__WHAT NEEDS TO BE DONE__.
Give back exactly the stretch of data below from the line holding "Plancha Grill Eléctrica, Placa" through the line holding "Seymour Duncan SCPB-5 - kit single coil noir", both ends included, and leave the remaining lines out.

__DATASET EXTRACT__.
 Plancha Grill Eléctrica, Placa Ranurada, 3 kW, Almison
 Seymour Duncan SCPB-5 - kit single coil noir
==
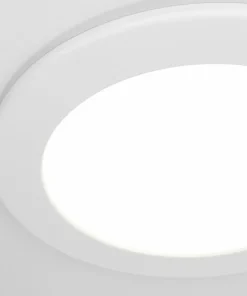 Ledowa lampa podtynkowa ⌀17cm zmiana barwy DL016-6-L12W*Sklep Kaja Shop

__RESPONSE FOR THIS EXERCISE__.
 Plancha Grill Eléctrica, Placa Ranurada, 3 kW, Almison
 Seymour Duncan SCPB-5 - kit single coil noir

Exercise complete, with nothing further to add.